Alexander Skarsgard: True Blood Paved Way for The Northman
Exclusive: Alexander Skarsgård talks about how his time as Eric on True Blood helped inspire him to become The Northman.
Alexander Skarsgård has been fascinated by Vikings for about as long as he can remember. Truly, he is quick to point out that his childhood country home in Sweden was surrounded by runestones, which were typically medieval memorials for long gone Vikings who fell in glorious battle. So the Viking Age has walked with him since well before The Northman, a new blood-soaked epic from Robert Eggers, director of The Witch and The Lighthouse.
Yet when we sat down to chat with Skarsgård about The Northman, we couldn’t help but note that this was hardly the first time he’s played a Viking or even “the Northman.” After all, for seven seasons he portrayed Eric Northman, an ancient Viking-turned-modern vampire, on HBO’s True Blood. And as the kernel of the idea of The Northman belonged to Skarsgård—who floated the prospect of a Viking movie to Eggers years ago—we were curious if he was already thinking about The Northman when he first played Eric Northman on True Blood.
“I think that actually triggered something,” Skarsgård says. “Shooting that flashback on True Blood 10 years ago, I think it triggered something where I was having an amazing time. It wasn’t 100 percent historically accurate what we did, but nothing on that show was, and it was a hell of a great time. And I started thinking that I’ve never seen an authentic, historically accurate depiction of the Viking Age that really takes the mythology seriously and goes deep into the mythology, and tries to make that integral to the story. So it kind of started to percolate—the idea of making a big epic Viking adventure film but based on the old sagas, the old Icelandic sagas, the Edda poetry.”
The True Blood scene that Skarsgård seems to likely be referring to is from the second season, which aired in 2009 and featured a flashback to Eric’s transformation into vampirism on an ancient Norse battlefield. However, flashbacks to the Viking Age became a recurring element throughout that series, including in the below video from the third season, which contains an extended flashback about Eric’s Viking youth pre-vampire bite.
As Skarsgård again asserts, he’s a child of Scandinavia, so he’s always fascinated by Viking culture. But the series apparently ignited in him the need to begin a years-long saga—a search for a true Viking movie. This eventually led Skarsgård, who was by then working with Hereditary producer Lars Knudsen, to first approach Eggers about making a movie centered on men from the true North.
Eggers previously told Den of Geek Magazine: “Maybe it was a meeting about nothing or maybe Alex had specific designs for me, I’m not entirely sure. But we sat and started talking, and quickly he said that he had been trying to make a Viking movie for some time with Lars Knudsen, who was one of the producers of The Witch and a friend of mine, and I didn’t know this. So I said, ‘Well, I have a Viking movie for you,’ even though I didn’t really.”

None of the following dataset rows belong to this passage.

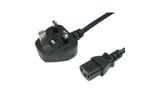 0.5m UK Plug to C13 Mains Lead - Black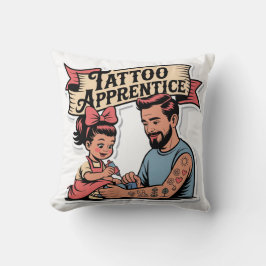 Tattoo-lärling - Cute Tecknad Pappa & dotter Kudde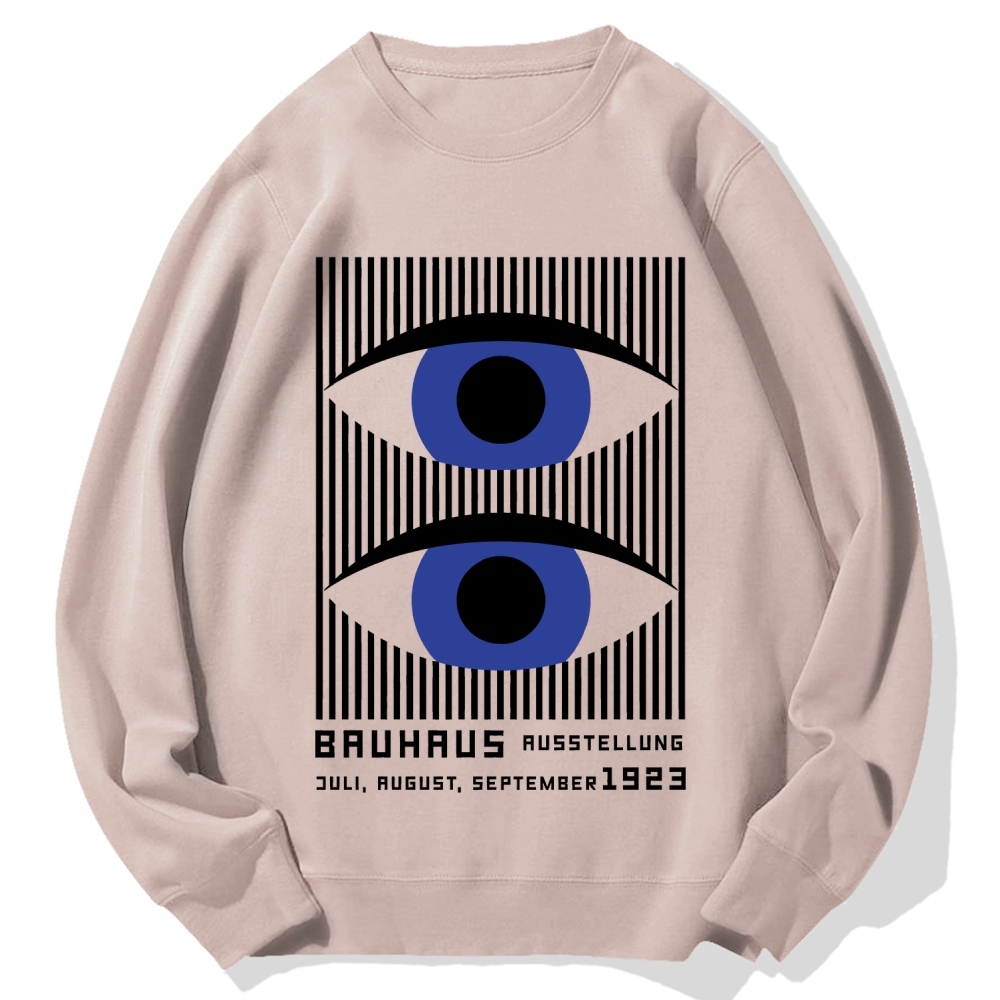 Artistic Geometric Stripes Circles Printed Cotton Sweatshirt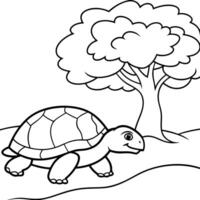 Sea turtle coloring pages. sea green turtle on white background. Curve lines. Page of coloring book. vector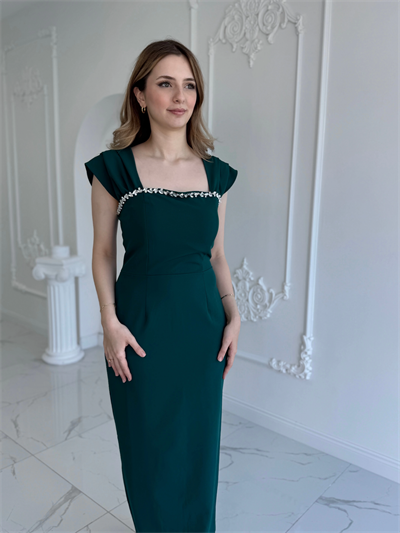 Zümrüt Maxi boy yaka taş detaylı uzun elbise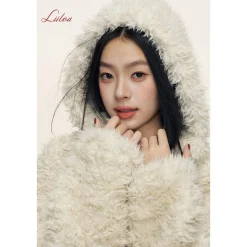 Liilou Fur Integrated Curly-Fur Hooded Woolen Fleece Jacket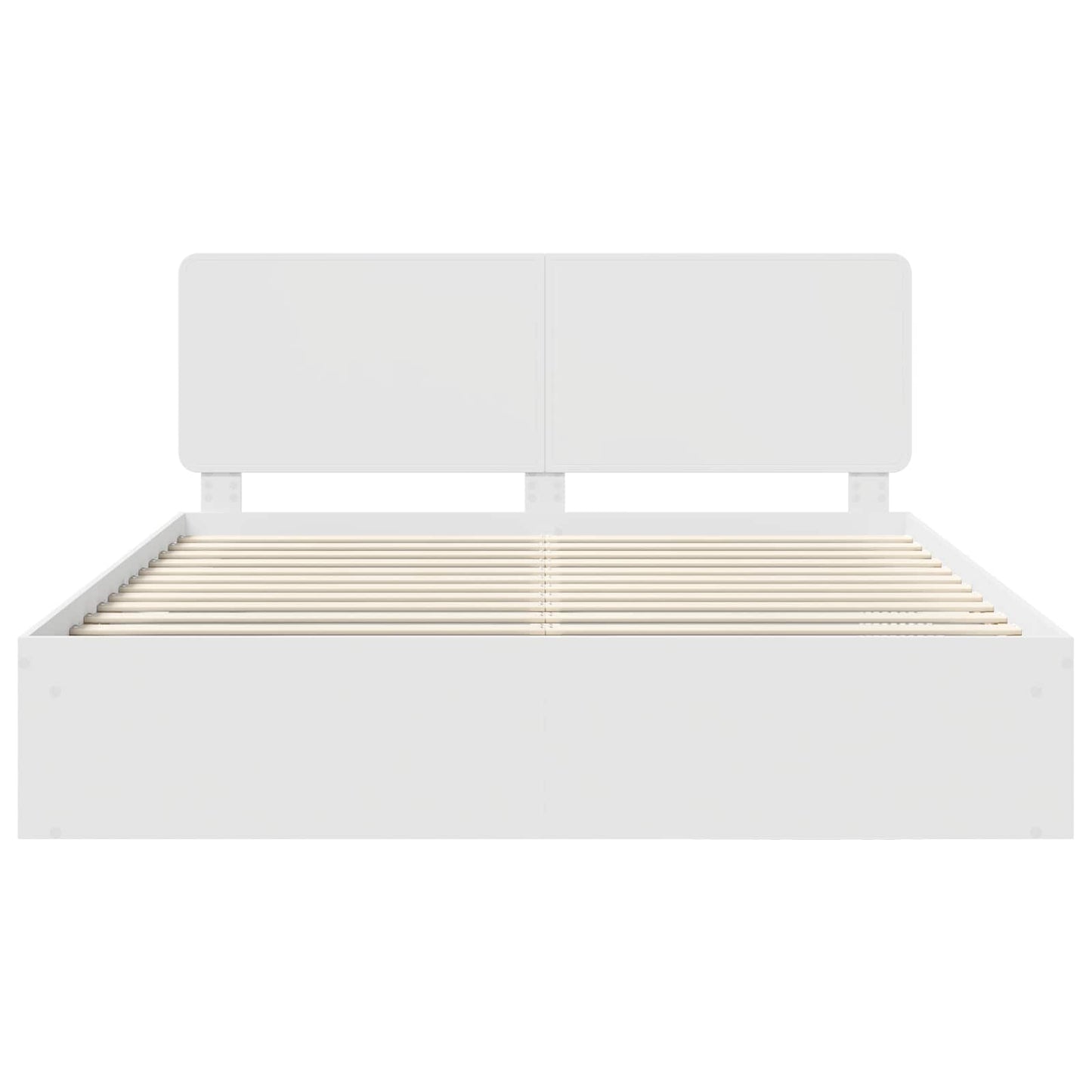 Bedframe met hoofdeinde Wit 200 x 200 cm Massief grenenhout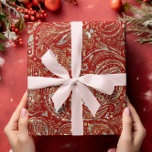 Dark Red & Shiny Silver & Gold Floral Paisley  Wrapping Paper<br><div class="desc">This elegant silver and gold vintage paisley pattern over a custom red background is a perfect wrapping paper for this holiday season.</div>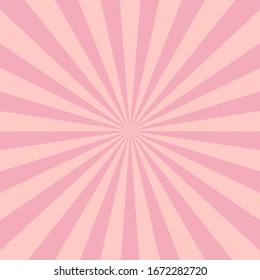 Sunlight Glow Horizontal Background. Pink And Peach Color Burst Background. Vector Illustration. Sun Beam Ray Sunburst Wallpaper. Candy Bright Backdrop.  Starburst Wallpaper. Circus Poster Or Placard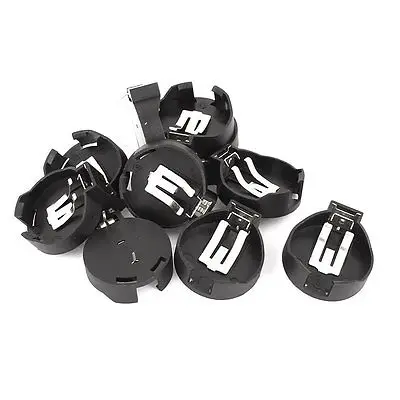 CR2450-1 2 Terminals Cell Button Battery Socket Holder Case Black 10pcs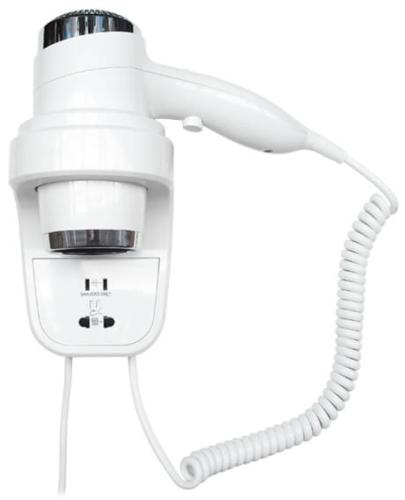 изображение Фен NOFER 02012.W HOTELline настенный белый с розеткой 1800-2200 W от Магия Воды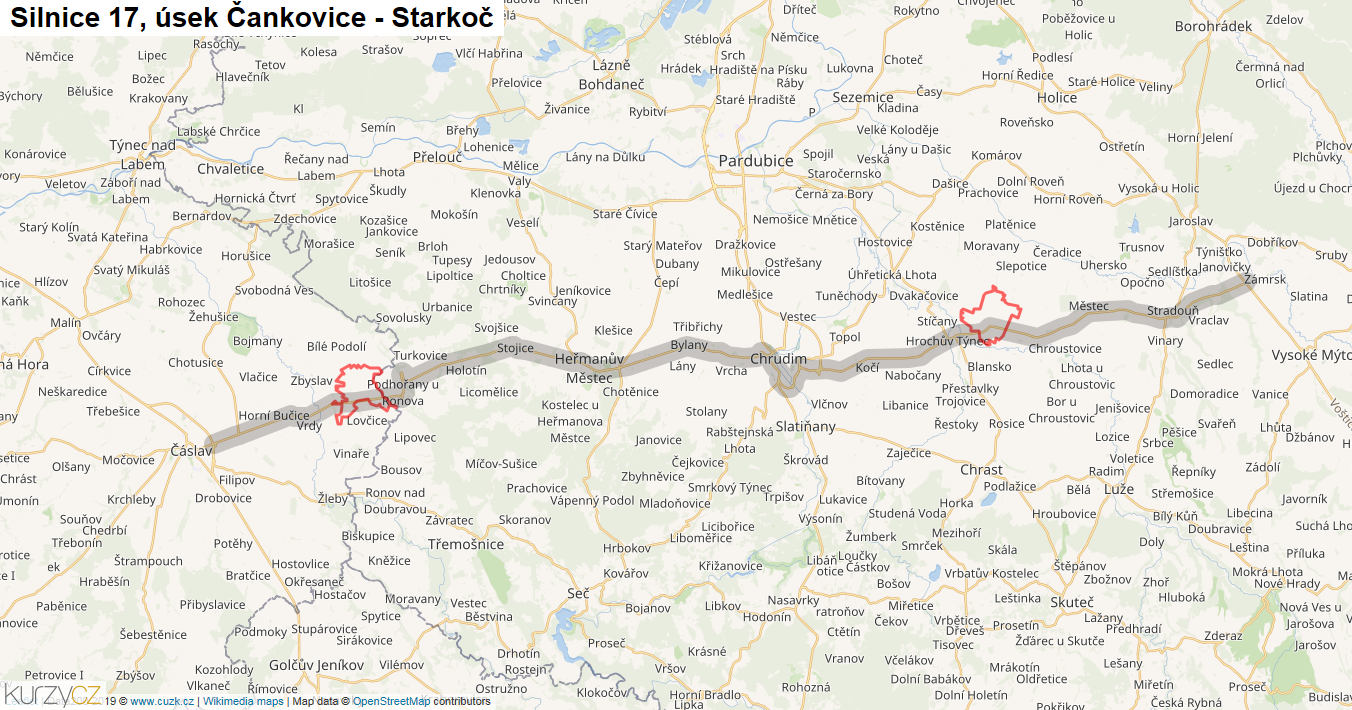 Úsek Čankovice - Starkoč, Silnice 17 - Mapa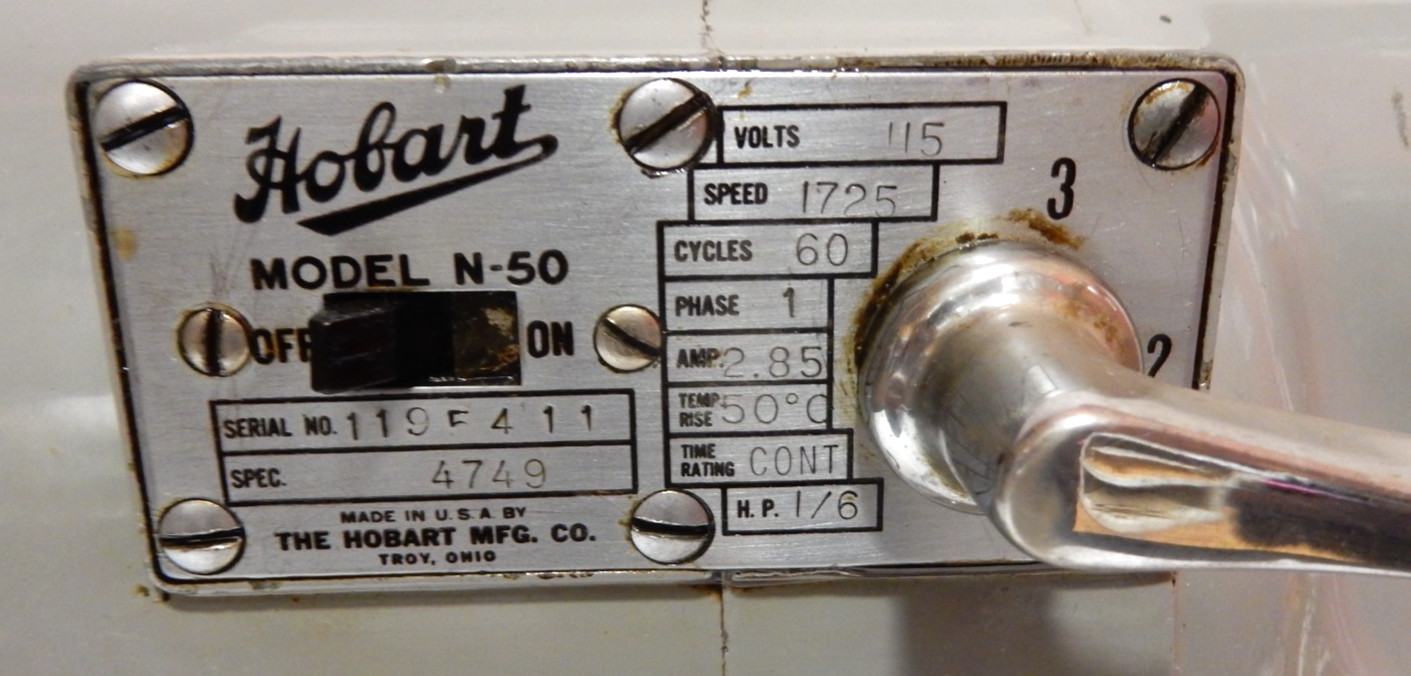 VINTAGE HOBART MODEL N-50 COMMERCIAL MIXER, BOWL & 2 PADDLES, NEW HD CORD, WORKS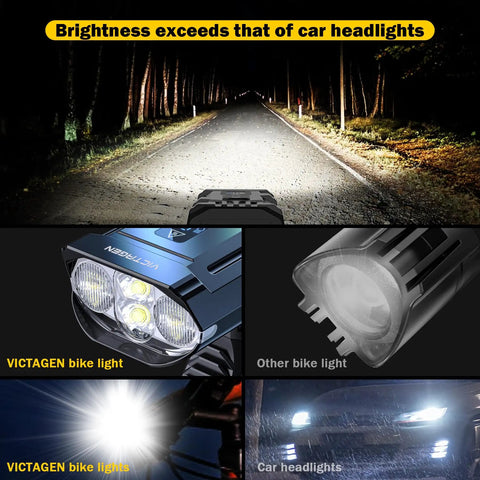 Comparison of 9000 Lumen Bike Headlight With High And Low Beams For Night Riding Ultra Bright Waterproof MTB Bicycle Light and car headlight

Eggers japes. He’d already fallen in love with Iceland after recently visiting that singularly rugged landscape with his wife shortly after completing The Witch. But this conversation was the beginning of a serious consideration about Viking lore as a cinematic subject, and the first inkling of a collaboration that resulted in exactly what Skarsgård wanted: a brutally realistic yet mythic approximation of the Icelandic sagas he savored so many moons ago.
“The dream was to have something that would capture the essence of those sagas and the laconic language,” Skarsgård says. “The harshness and stark nature.”
Harsh, stark—and, yes, beautiful—are all fitting adjectives to use with regards to The Northman.